━━━━━ THE RECORDS ━━━━━

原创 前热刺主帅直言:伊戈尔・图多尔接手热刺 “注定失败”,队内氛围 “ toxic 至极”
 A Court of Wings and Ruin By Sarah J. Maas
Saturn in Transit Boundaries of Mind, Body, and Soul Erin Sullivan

━━━━━
━━━━━ THE RECORDS ━━━━━

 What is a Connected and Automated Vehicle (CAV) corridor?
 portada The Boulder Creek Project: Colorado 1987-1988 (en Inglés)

━━━━━

- WORK TO COMPLETE: Give again, word for word, every line of the listing above from the one with "A Court of Wings and Ruin By Sarah J. Maas" to the one with "Saturn in Transit", both inclusive, and nothing beyond them.

- SOLVED PROBLEM:
 A Court of Wings and Ruin By Sarah J. Maas
Saturn in Transit Boundaries of Mind, Body, and Soul Erin Sullivan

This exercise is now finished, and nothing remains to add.